Agape forum member Drew Tarter (Navairfan) posted this great looking Corsair. Great work on this one Drew!

Here’s my rendition of the Arii (originally produced by Otaki?) 1:48 scale F4U-1A Corsair. Even though it’s well over thirty years old, the Arii kit builds into a nice Corsair. The good points are very accurate outline and shapes, finely recessed panel lines, and great parts fit. Drawbacks are a simple and inacurate cockpit and wheels, and an engine that doesn’t remotely resemble any engine used in any aircraft. Here’s how I upgraded the kit: I replaced the cartoonish engine with with a resin R-2800, updated the cockpit with Eduard photoetched instrument panel, seat and sidewall details, and used seat belts and wheels from True Details. I replaced their kit tail wheel with a more accurate-looking one from the spares box, and attached it at an angle for a more candid appearance.

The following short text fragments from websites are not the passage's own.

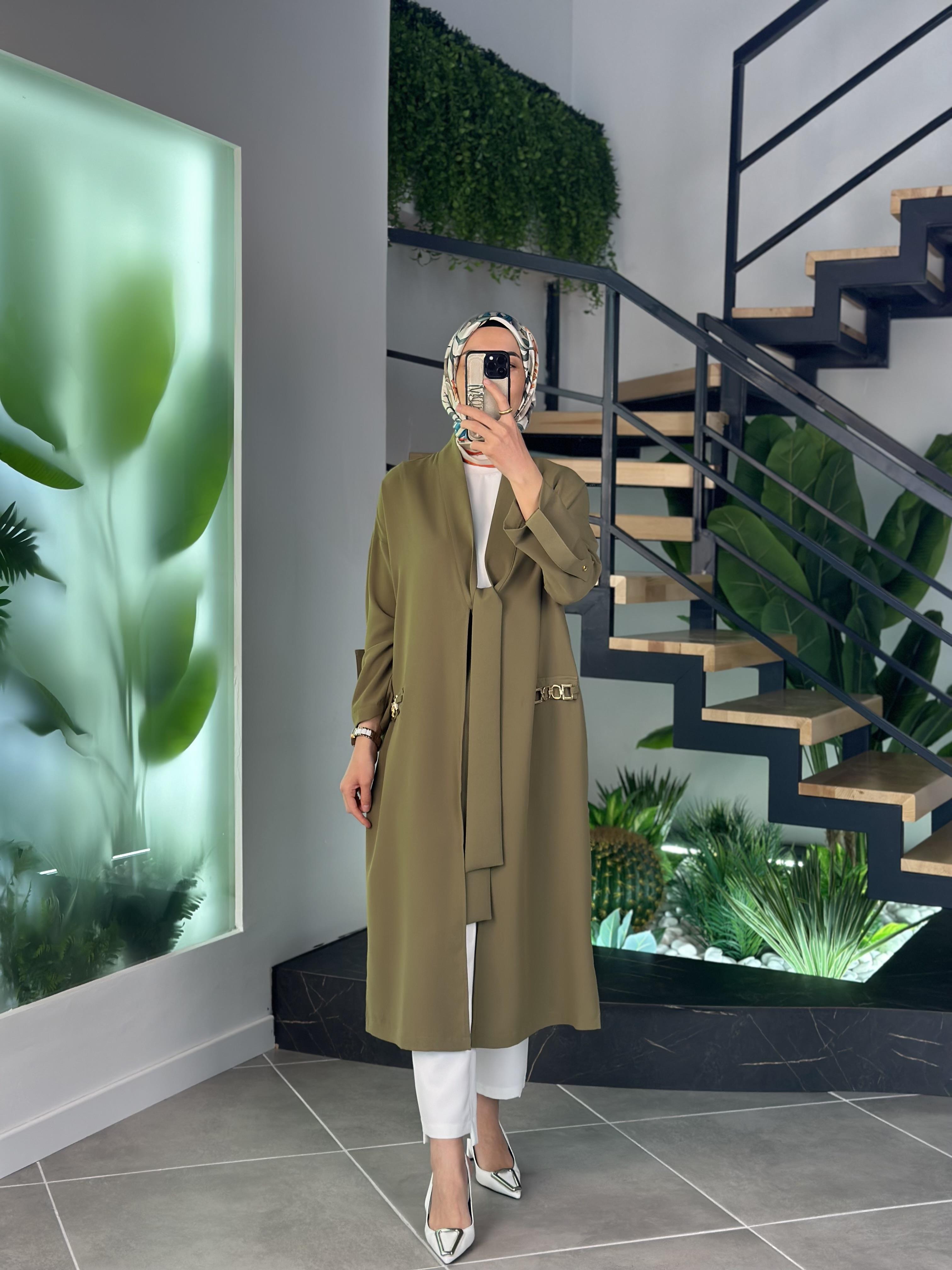 Armine Trend Zincir Detaylı Bağlamalı Giyçık 25YT543 Yağ Yeşili 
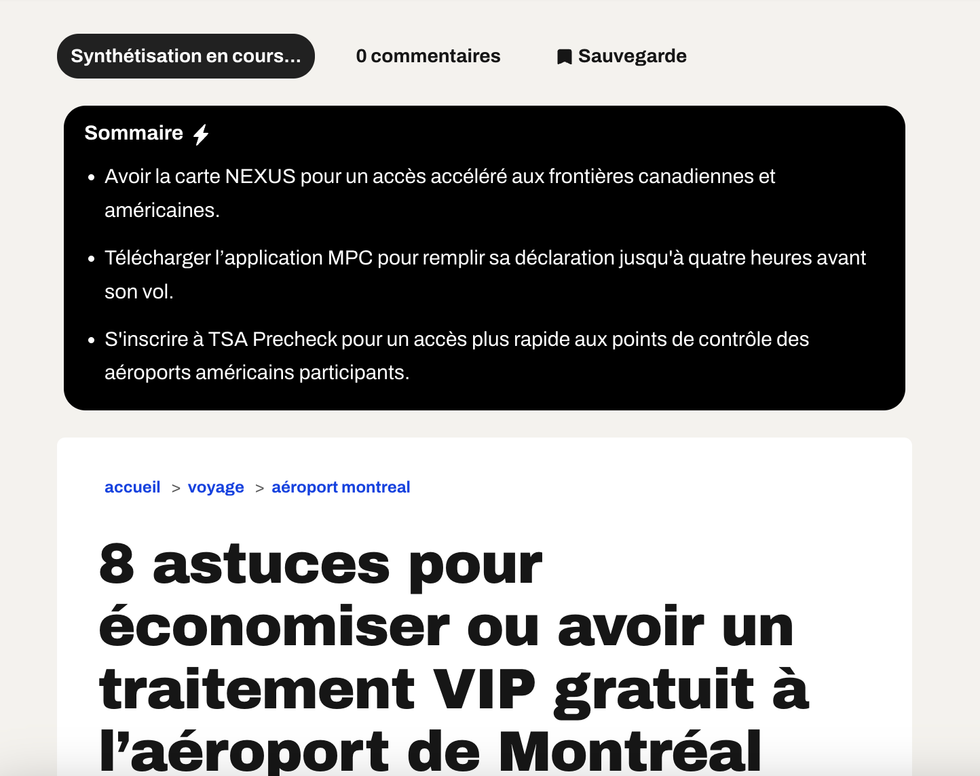 Vous pouvez maintenant cliquer sur "R\u00e9sumer" pour r\u00e9sumer instantan\u00e9ment tous les articles sur Narcity en utilisant la technologie ChatGPT.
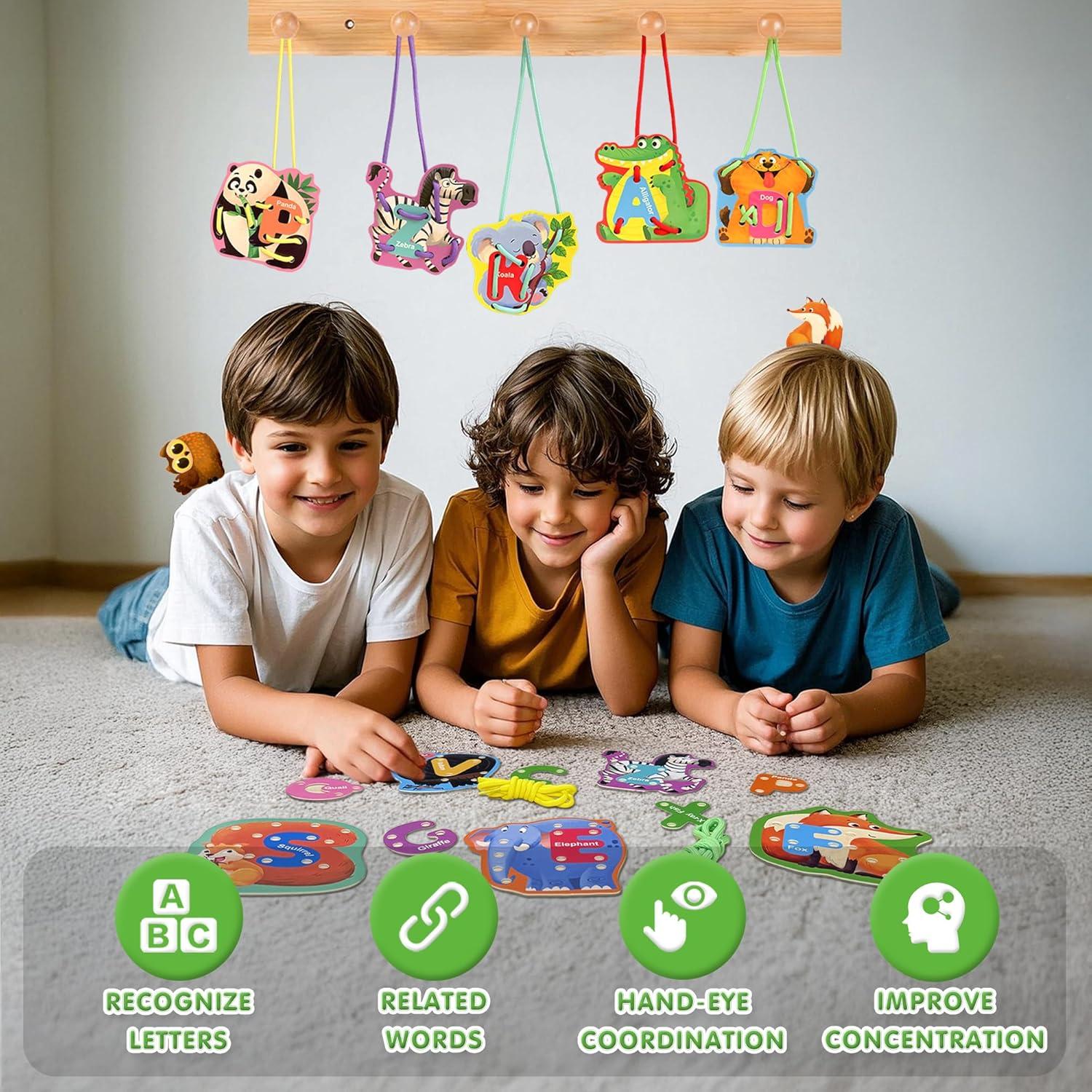 Tarjetas de Enhebrado de Animales ArRuKi KIDS - 52 Piezas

I also cut away the flaps and dropped them, added exhaust stacks made from drilled-out styrene rod, and added a small whip antenna to the fuselage spine. I couldn’t determine if this plane had the tail hook removed or not, so I left it on.

VF-17’s Corsairs didn’t have the usual antenna mast, and some had unusual field-modified antennas. Based on photos, I built an antenna that runs from the top if the vertical fin down to the tip of the right horizontal stabilizer. From there, it runs into the usual antenna lead-in on the right side of the fuselage, behind the cockpit. I don’t know for certain if it’s accurate, but that’s how I interpreted the antenna arrangement in photos.

I used a Pasche VL airbrush to apply the three-toned camouflage scheme, though most photos of the actual aircraft indicate it was very weathered, with almost no distinction between the non-specular sea blue upper surfaces and the intermediate blue sides.

For markings, I used a SuperScale sheet to portray “White 29”, the plane flown by Lt. Ira Kepford of VF-17 while based at Ondonga, New Georgia, in the Solomon Islands in late 1943. I made a mistake in not placing the kill markings at the correct angle to the tape covering the seams of the forward fuselage cell.

VF-17 was the first navy squadron to be equipped with the Corsair. Assigned briefly to USS Bunker Hill, the squadron was soon transferred to the Solomon Islands to serve as a land-based squadron. In its two tours of duty in the Solomons, VF-17 was credited 156 aerial victories and produced 12 aces, the most of any squadron in the Navy. Kepford was the U.S. Navy’s 6th highest ranking ace with 16 victories and 8 probables.